The sinner’s mistakes exposed and reproved
I. The manner in which God treats impenitent sinners during the present life. He is continually speaking to them in His Word, inviting, counselling and warning them to repent and flee from the wrath to come; nor does he fail often to speak to them in the same manner, by the voice of conscience. But, as a Judge, he usually observes the most profound silence. If it be asked, why God thus keeps silence; I answer, because this life is a season of trial and probation. Men are placed in this world, that they may show what is in their hearts, and thus discover their true characters. He sets before them in the works of creation sufficient evidence of His existence and perfections; He lays them under obligations to love and thank Him by the blessings of His providence; He clearly prescribes their duty, and gives them directions for its performance, in His Word; He places conscience in their breasts, as an overseer and monitor; and then, wrapped up in His own invisibility, sits silent and unseen, to notice and record their conduct.
II. The opinions which sinners form of God, in consequence of his thus keeping silence. “Thou thoughtest that I was altogether such an one as thyself.” It is their opinions of His moral character, of His views and feelings with respect to themselves and their conduct, to which the assertion refers. In this respect every unawakened sinner supposes, or at least acts as if he supposed, that God is altogether such an one as himself. Feeling no immediate tokens of God’s displeasure, he flatters himself that God is not displeased. Finding it easy to justify himself, and satisfy his own conscience, he fancies that it will be equally easy to satisfy God, and justify his conduct at His bar.
III. The measures which God will employ to convince sinners that he is not such an one as themselves. “I will reprove thee, and set them in order before thine eyes.” This He will do at the judgment-day.
1. It implies giving the sinner a clear and full view of all the sins of his life, in thought, word and deed, in the order in which they were committed. Such a view no sinner has of himself in the present life. He is guilty of ten thousand thousand sins, which he does not even suspect to be sins.
2. It implies giving him a view of all their aggravations. All the mercies he received, all the afflictions which were sent to rouse him, all the opportunities, privileges, warnings and means of grace with which he was favoured; all the sermons which he heard, and all the secret checks which he experienced from his own conscience, and from the strivings of God’s Spirit, will then be set before him, to show that he sinned wilfully and knowingly, against light and against love, and that he is, therefore, without excuse.

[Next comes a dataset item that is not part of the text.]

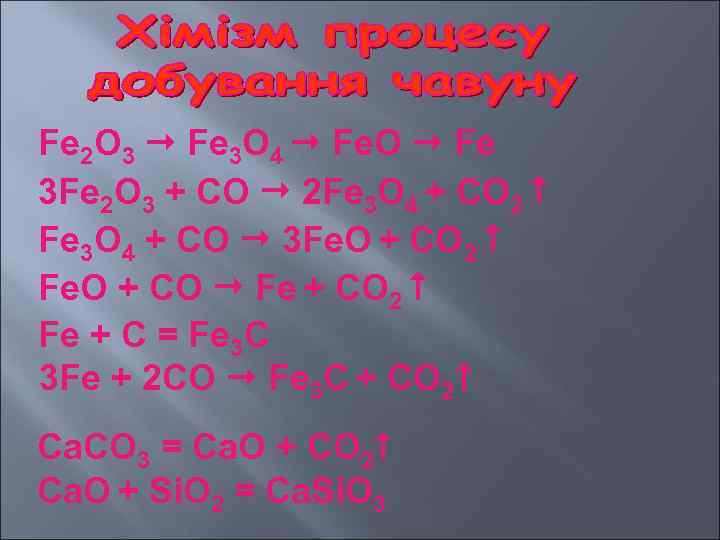 Fe 2 O 3 Fe 3 O 4 Fe. O Fe 3 Fe 2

3. It implies giving him a full view of their dreadful malignity and criminality. Of this sinners see nothing in this world. They do not see what an infinitely great and glorious Being that God is against whom sin is committed. They do not see what an infinitely precious, lovely, and all-sufficient Saviour they are rejecting. They do not see what a heaven they are forfeiting, nor into what a hell they are plunging themselves by sin. They do not realize how short is time in comparison with eternity, nor how worthless the body when compared with the soul. But at the judgment-day they will behold every object in its true light.

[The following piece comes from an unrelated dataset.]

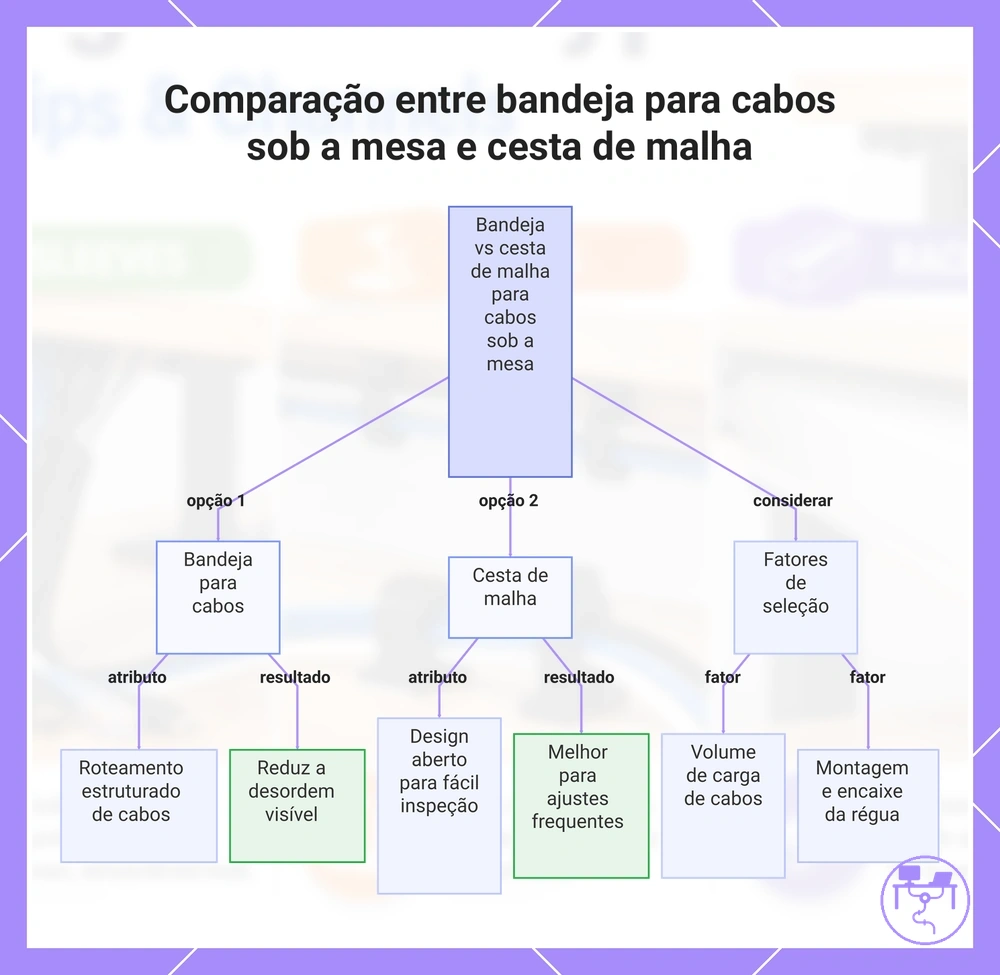 Comparação entre bandeja para cabos sob a mesa e cesta de malha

IV. What improvement careless sinners ought to make of these awfully alarming truths. They should be led by them to consideration. It is owing to forgetfulness of God, and to the neglect of considering these important truths, that sinners live as they do. They consider not in their hearts, says Jehovah, that I remember all their wickedness. Is not this the case with respect to some of you? (E. Payson, D. D.)
Psalms 50:22
Now consider this, ye that forget God.
Forgetfulness of God: It’s Evil
Forget God!--is this possible? What! when we see His “eternal power and Godhead” in all things above us and about us? If we look up to the heavens, “the heavens declare the glory of God, and the firmament showeth His handy-work.” If we look around us here, “the earth is full of His goodness.” But men, notwithstanding, do forget God. Forgetfulness of God is the source of their wickedness, and should this sinful conduct be persisted in, it will induce a sorer punishment than all created power could remedy.
I. An evil.
II. Its punishment.
III. A means whereby to correct the evil and to avoid the punishment. (W. Mudge, B. A.)
Psalms 50:23
Whoso offereth praise glorifieth Me.
Songs of the Bible
I. The song of the new birth. Every believer has learned some of the notes of this song, for we enter the kingdom singing it. When in the world, the world’s songs--songs of merriment and glee--were in our esteem the richest and best; but when we saw Jesus, and heard the music of His grace, then the world’s songs could no longer express our joy. In all the miracles of Christ the first act of the healed one was to begin to praise. The leper, the paralytic, Bartimaeus, and all the others. And so with those whom Christ has saved.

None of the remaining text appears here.